A few more details and we can fill you in ...


----------



## pugnax (Jun 21, 2001)

terpfan said:


> i was thinking about ordering these rod and reel from England. has anyone tried these rod and reel?? i wondering if it is worth the price.


my fishing/casting fella owns one, 13'4'',tournamentX.
good rod indeed if:
you like soft tip rod *and *you are a regular 175gr/750 ft plus caster.
my m8 did not use that rod for fishing; he uses powerful fishing rod like Daiwa AWB,Century Tornado Sport.
TournamentX is , in his and mine opinion, too much timing critical to use it with satisfaction on the beach; very fast action rod, not very confortable when your feet are on the sand and baits are on the hooks


----------



## idpearl (Feb 22, 2006)

If money's not much of a blocking point, might I suggest either a Century Tip Tornado Super Match or a Zziplex Primo Synchro as the rod and if you want a really nice reel, the Shimano Trinidad TN14. 
The Century is the nicest rod I've fished with so far, though I have just ordered a Zziplex Primo Synchro as I want to develop my casting, but still be able to use it for fishing. The Trinidad I used felt far superior to any of my reels and I have a SL20SH, SL30SH, Penn 525 Mag, Abu 6500CT Sports Mag and Abu 6500CT Mag Elite! It just feels so solid, is beautifully made and has a wonderful sound in the cast.


----------



## terpfan (May 30, 2002)

thanks for the advice. it seems like it is not a good rod for fishing. i guess i will take a look at zziplex rods. thanks again for the advice.


----------



## kingfish (Feb 28, 2004)

idpearl said:


> If money's not much of a blocking point, might I suggest either a Century Tip Tornado Super Match or a Zziplex Primo Synchro as the rod and if you want a really nice reel, the Shimano Trinidad TN14.
> The Century is the nicest rod I've fished with so far, though I have just ordered a Zziplex Primo Synchro as I want to develop my casting, but still be able to use it for fishing. The Trinidad I used felt far superior to any of my reels and I have a SL20SH, SL30SH, Penn 525 Mag, Abu 6500CT Sports Mag and Abu 6500CT Mag Elite! It just feels so solid, is beautifully made and has a wonderful sound in the cast.

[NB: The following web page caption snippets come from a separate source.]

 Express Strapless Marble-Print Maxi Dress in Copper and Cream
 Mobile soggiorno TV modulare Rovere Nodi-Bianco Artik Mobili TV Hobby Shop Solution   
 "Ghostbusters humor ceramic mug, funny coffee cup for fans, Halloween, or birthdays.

That shimano is compaired to some mighty good casting reels, are you comparing it on a casting basis?


----------



## idpearl (Feb 22, 2006)

Kingfish,

As the thread was mainly toward fishing, I am referring to the reel for fishing. That being said, I found the reel to cast well and very smooth. Superb retrieval and lever adjustable drag. Never heard of one being used for distance casting, whether that is because of the price or mechanics, I am not sure.


----------